Task objective:
Keep every word of the entries and print them exactly; the pictures stay out.

Information:
----

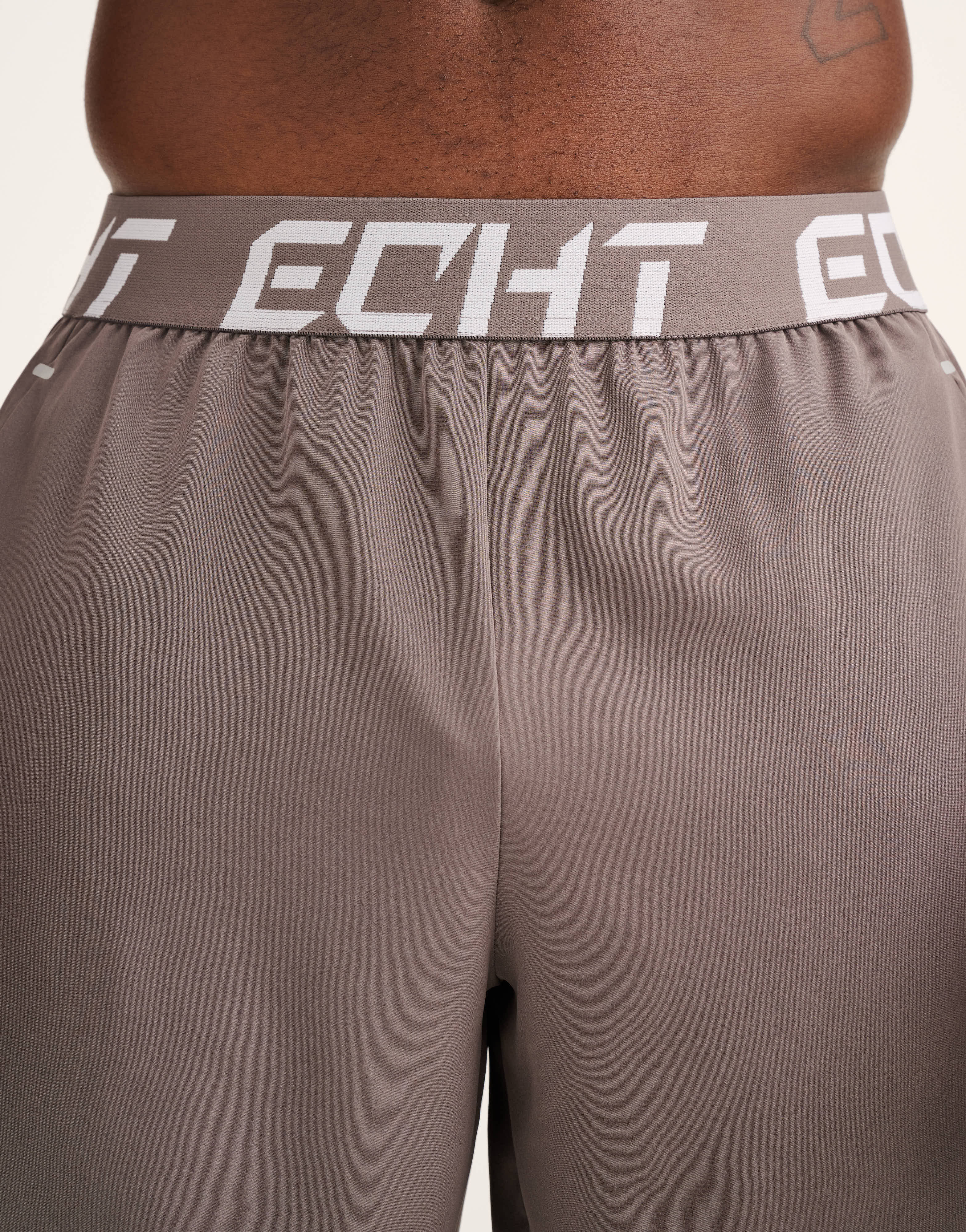 Echt Ultimate Shorts - Slate Grey - Image 6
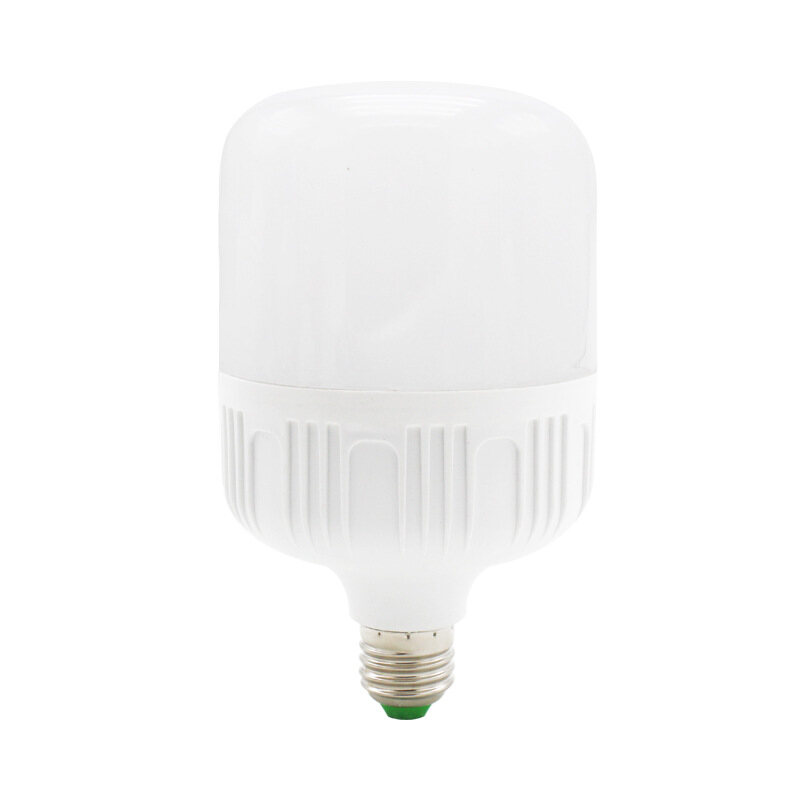 Bóng Đèn LED Bóng Đèn LED 10W E27 Ánh Sáng Trắng
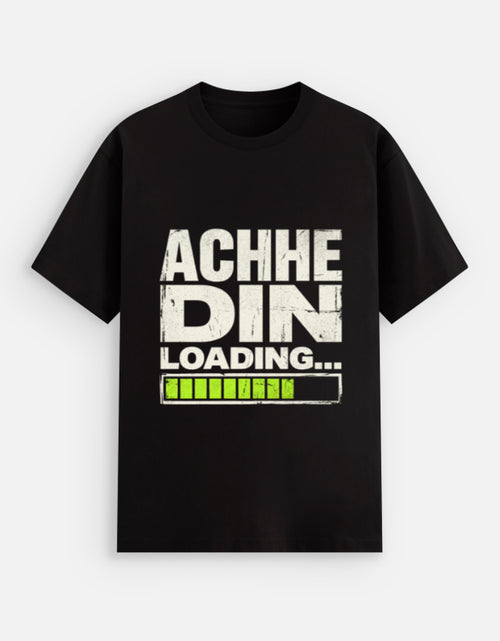Tshirt Black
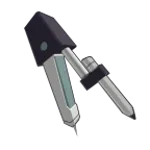 FPE:S Miss Circle Weapon Blocked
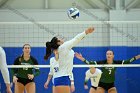 VB vs Plymouth St  Wheaton Women’s Volleyball vs Plymouth St. - Photo by Keith Nordstrom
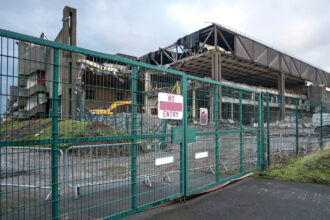 factory closures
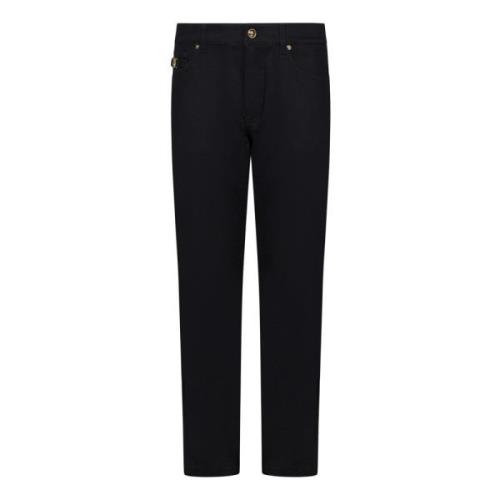 Sort Skinny Fit Jeans AW24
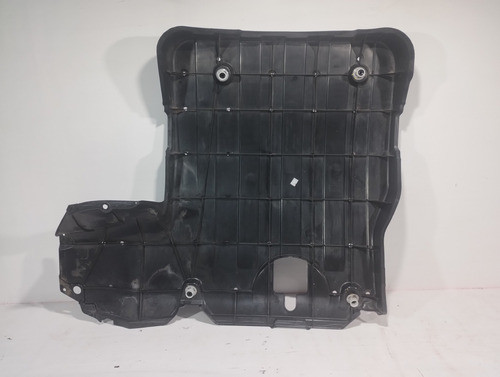 Protetor Assoalho Estepe Honda Hrv 1.8 2015 A 2021 74646t7t 1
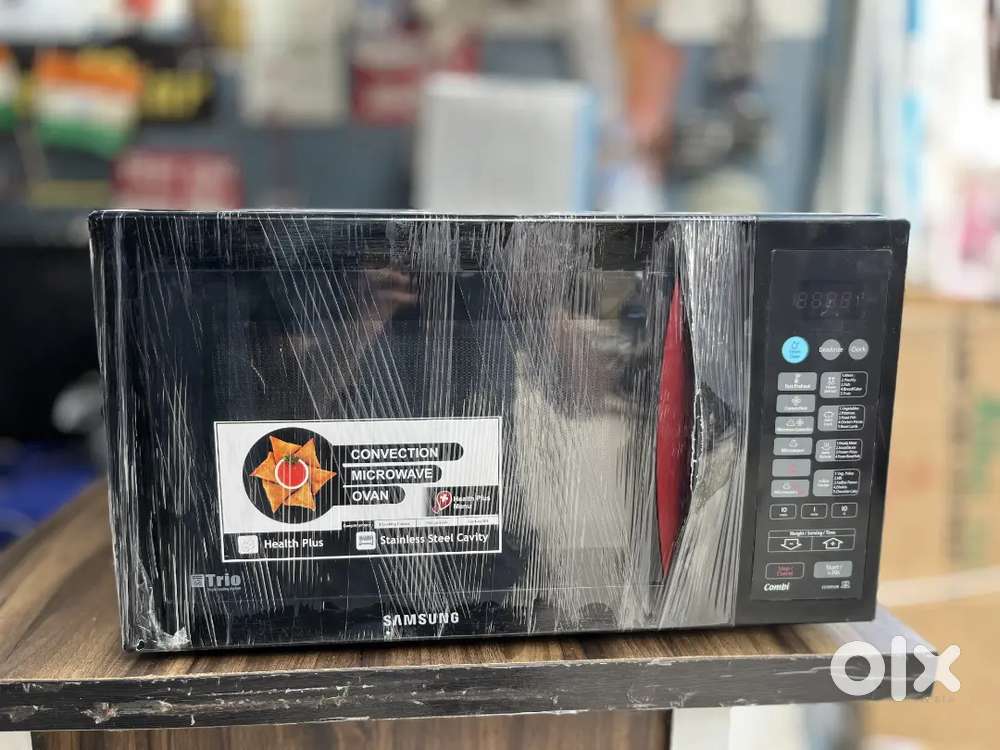 Oven geyser room heater fan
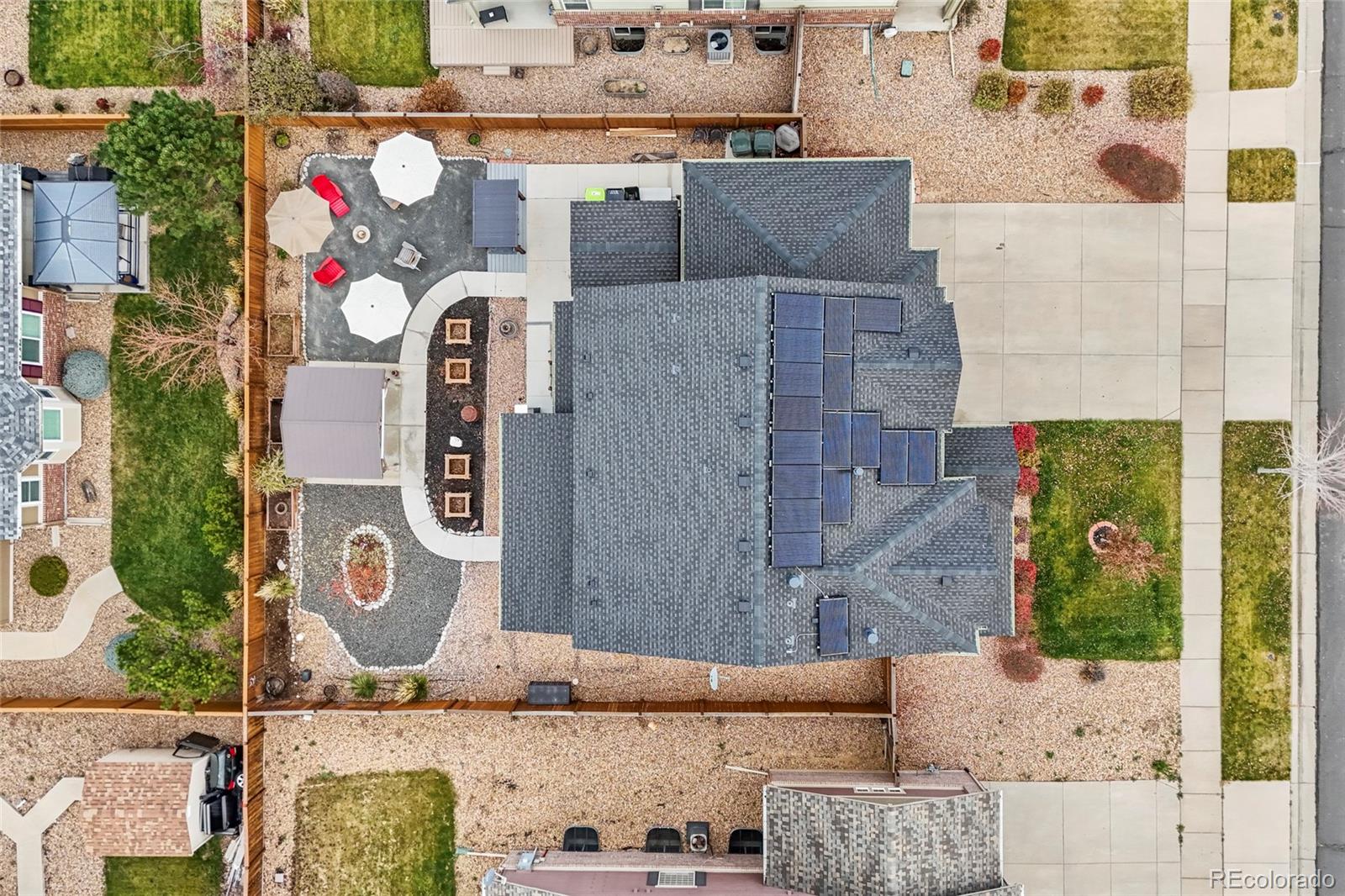 MLS Image #49 for 25223 e 2nd avenue,aurora, Colorado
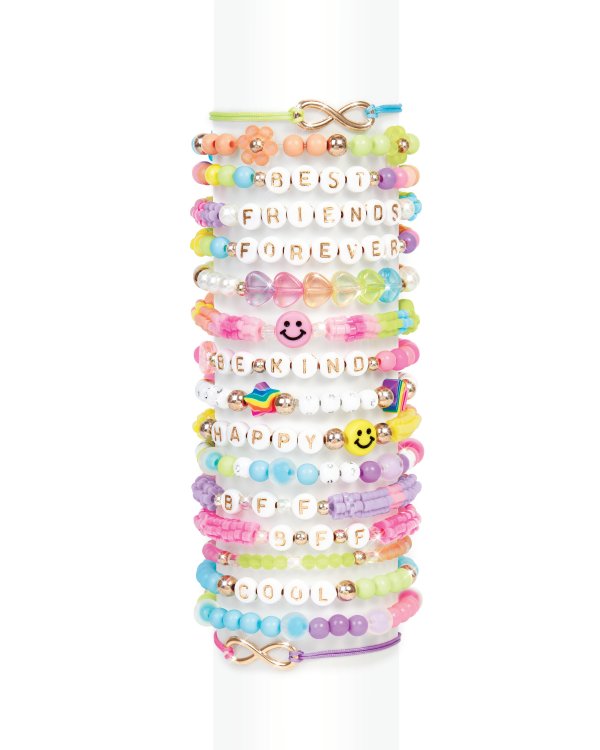 MAKE IT REAL DIY Набор украшений и органайзер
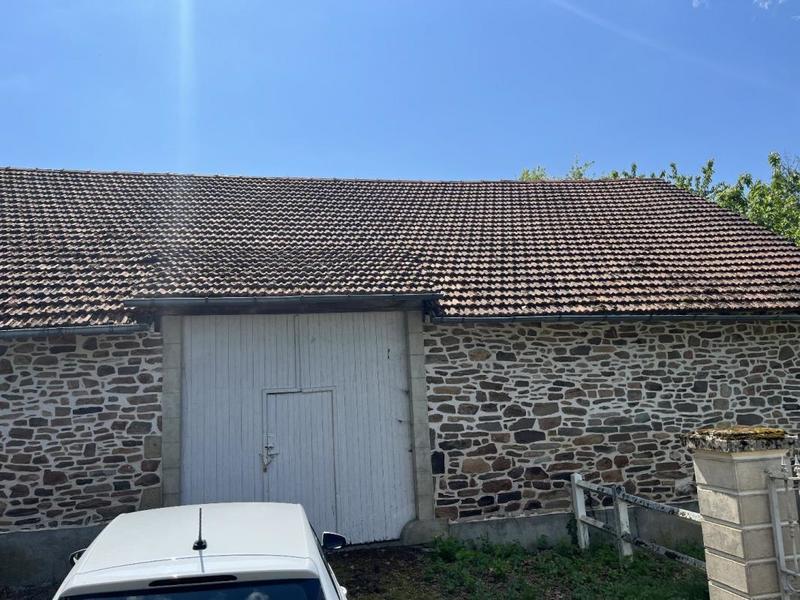 Propriété - 102 m² - 5 pièces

----

Written answer:
 Echt Ultimate Shorts - Slate Grey - Image 6
 Bóng Đèn LED Bóng Đèn LED 10W E27 Ánh Sáng Trắng
Tshirt Black
 FPE:S Miss Circle Weapon Blocked
 VB vs Plymouth St  Wheaton Women’s Volleyball vs Plymouth St. - Photo by Keith Nordstrom
 factory closures
 Sort Skinny Fit Jeans AW24
 Protetor Assoalho Estepe Honda Hrv 1.8 2015 A 2021 74646t7t 1
 Oven geyser room heater fan
 MLS Image #49 for 25223 e 2nd avenue,aurora, Colorado
 MAKE IT REAL DIY Набор украшений и органайзер
 Propriété - 102 m² - 5 pièces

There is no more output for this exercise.